### Exercise details
Reproduce the lines of the material exactly, excluding every image.

### Given data
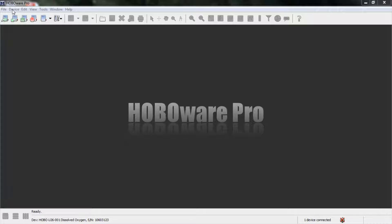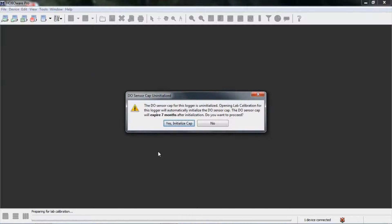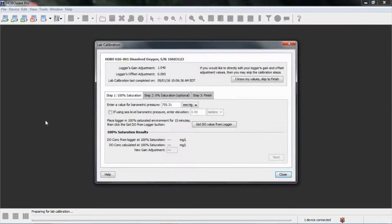Let's go into HoboWare and run through our calibration. We click on the device menu and access lab calibration. We get a warning message that the DO cap is uninitialized, which is correct — we just put it in. Opening the lab calibration and running through this will initialize the sensor cap and start the clock ticking. There are basically three steps: 100% saturation, 0% saturation, and then finish.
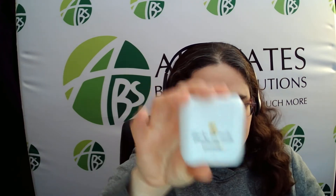These earbuds automatically power on and sync when they're removed from the case. The case charges the earbuds and comes with a USB cable.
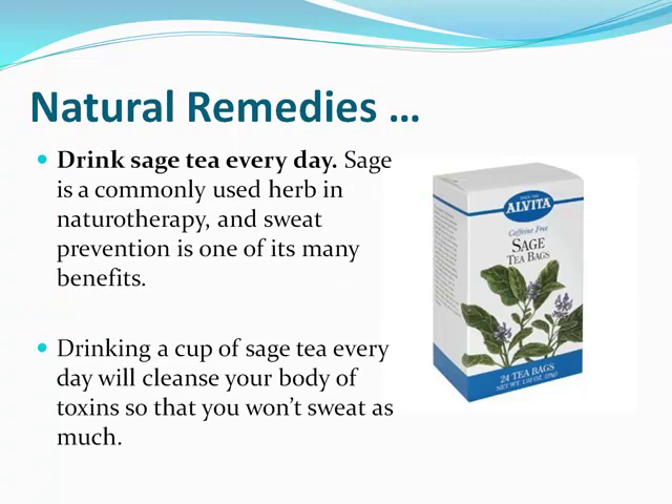You can also drink sage tea. Sage is commonly used to decrease sweating systemically, so you can incorporate it into your morning routine — maybe drink a cup of sage tea instead of coffee every morning, and you may notice a significant decrease in your sweating.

### Output
Let's go into HoboWare and run through our calibration. We click on the device menu and access lab calibration. We get a warning message that the DO cap is uninitialized, which is correct — we just put it in. Opening the lab calibration and running through this will initialize the sensor cap and start the clock ticking. There are basically three steps: 100% saturation, 0% saturation, and then finish.
These earbuds automatically power on and sync when they're removed from the case. The case charges the earbuds and comes with a USB cable.
You can also drink sage tea. Sage is commonly used to decrease sweating systemically, so you can incorporate it into your morning routine — maybe drink a cup of sage tea instead of coffee every morning, and you may notice a significant decrease in your sweating.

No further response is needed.